This is how most cocktail party conversations go. If anyone out there is a pediatric SLP  working with children under the age of 3, you've probably had the same conversation. The simple fact is, no one really knows what an SLP does until they need one. The same is true for most other rehabilitative services as well. So, what does an SLP do exactly? And why do SLPs work on feeding and swallowing disorders? Do other therapists work on feeding and swallowing? How do you find the right person to work with your child?

Speech and Swallowing? What's the Connection?
A speech-language pathologist, or SLP, works with patients from birth through old age on communication and swallowing disorders. Communication includes the understanding and production of the sounds that make up words (speech) and the understanding and production of sentences and stories (language). Other communication disorders that an SLP would address include stuttering, social language impairments (such as with autism spectrum disorders), and voice disorders. Because communication is controlled by the brain, the mouth and throat, and the respiratory system, it makes logical sense that the SLP would also address feeding and swallowing - which uses the same structures and systems.

Does Every SLP Treat Feeding and Swallowing Disorders?
This is a great question, and one that every parent or caregiver should ask. The answer is NO. While every SLP receives some amount of training in swallowing disorders during their graduate school training, not every SLP has skills or experience in this area. The key is to find out how much and what kind of experience your child's SLP has in the areas of feeding and swallowing. How many years of experience is a place to start, but it's not the whole picture. Here are a few questions to ask your SLP to find out about their experience level:
  1. What kinds of feeding and swallowing disorders have you treated before?
  2. How many patients with feeding and swallowing disorders are on your caseload right now?
  3. Do you have any certifications or continuing education in specific treatment approaches? (some of these might be S.O.S., NDT, Mealtime Partners, or VitalStim)

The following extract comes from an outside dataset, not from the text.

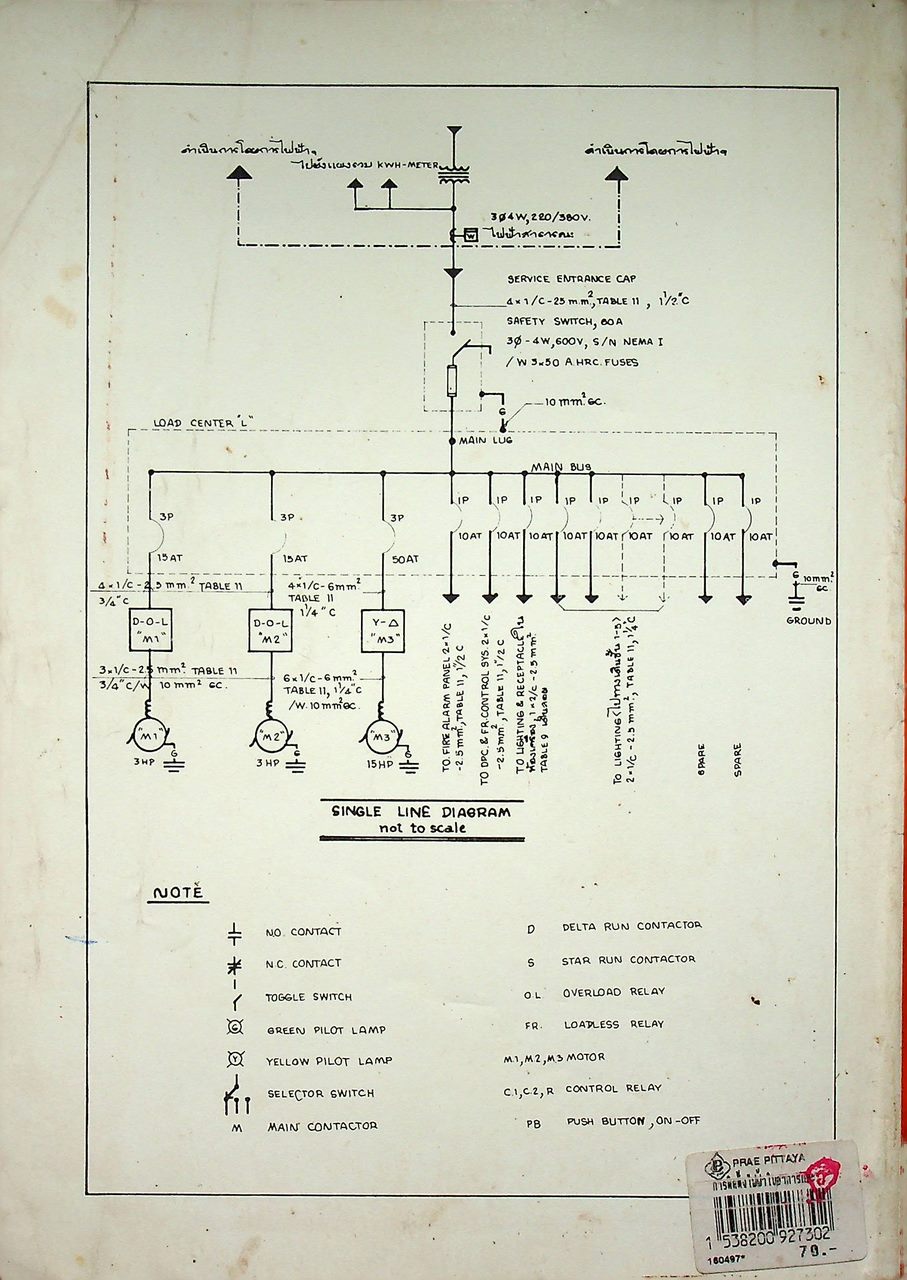 การติดตั้งไฟฟ้าในอาคาร และ การติดตั้งไฟฟ้าในโรงงาน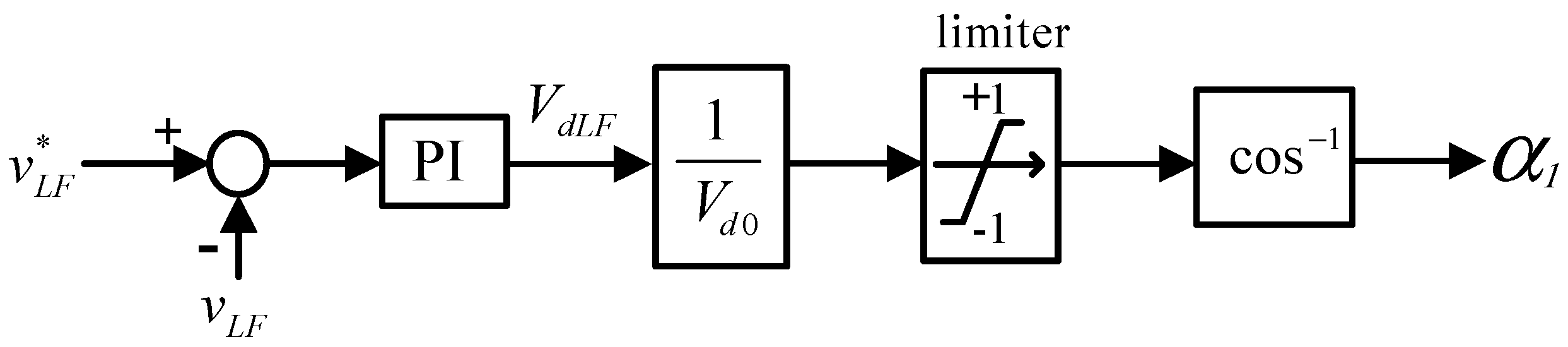 Energies 10 00034 g003 550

As always, if your SLP tells you about anything you don't understand ASK QUESTIONS. The more you understand, the better advocate you can be for your child.

Do People Other Than SLPs Treat Feeding and Swallowing Disorders?
Yes, there are other types of therapists who treat many aspects of feeding and swallowing disorders. However, an SLP is the only discipline to specifically address feeding and swallowing disorders in their required graduate education and in their standards of clinical practice. Occupational therapists, lactation consultants, and even some nurses and dietitians treat feeding and swallowing disorders from different perspectives. While these specialties bring unique information to a feeding and swallowing treatment plan, it is again best to ask the question about experience. 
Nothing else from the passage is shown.